What the exercise asks |
Every line of the listing below should come back exactly as written, with no images.

Given data |
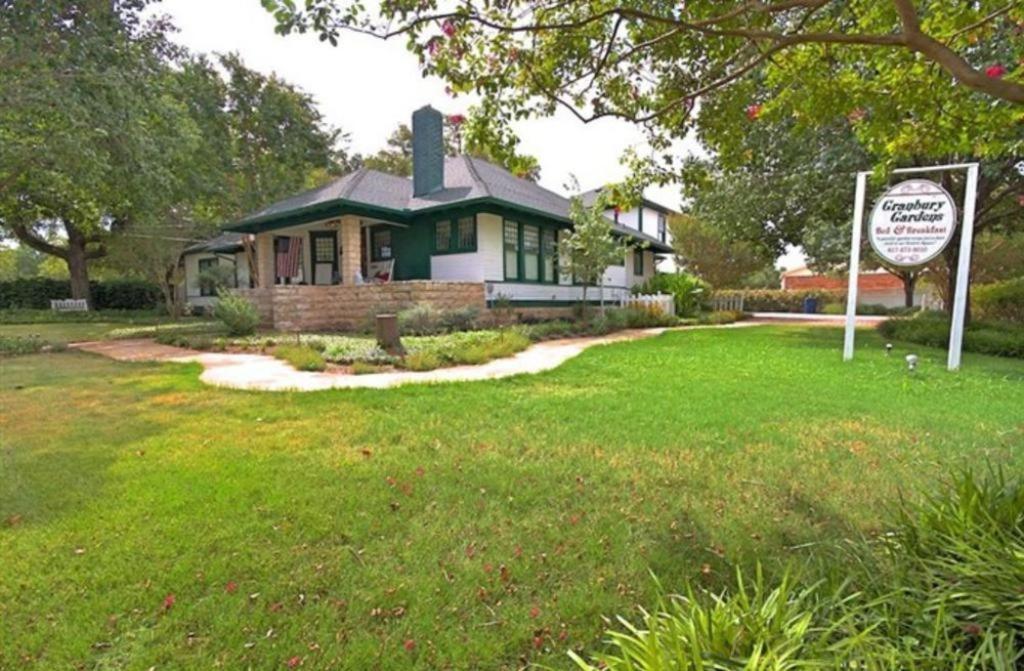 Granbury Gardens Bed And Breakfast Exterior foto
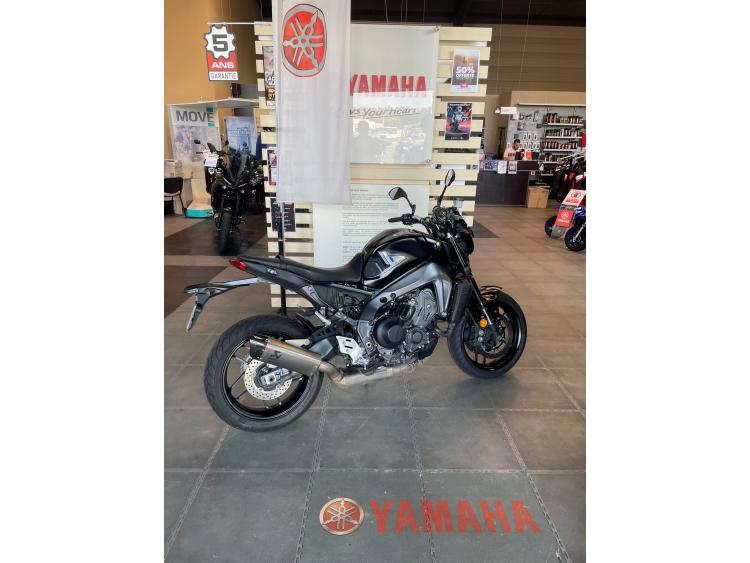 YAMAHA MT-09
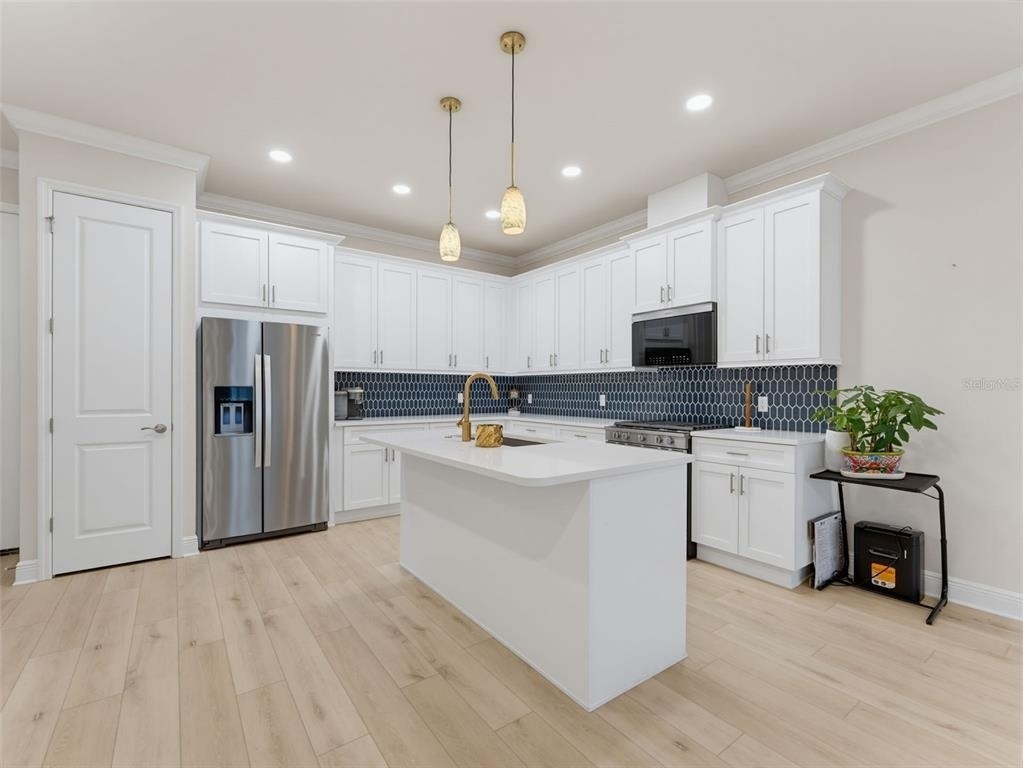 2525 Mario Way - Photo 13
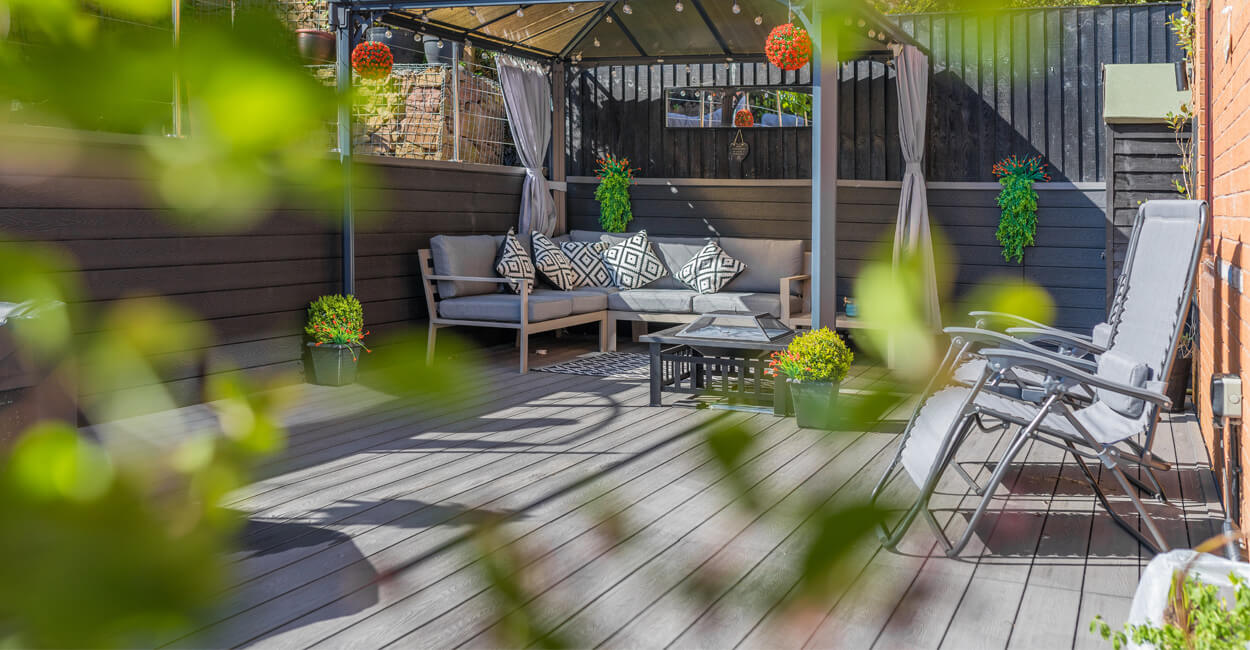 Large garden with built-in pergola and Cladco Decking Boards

Completed exercise |
 Granbury Gardens Bed And Breakfast Exterior foto
 YAMAHA MT-09
 2525 Mario Way - Photo 13
 Large garden with built-in pergola and Cladco Decking Boards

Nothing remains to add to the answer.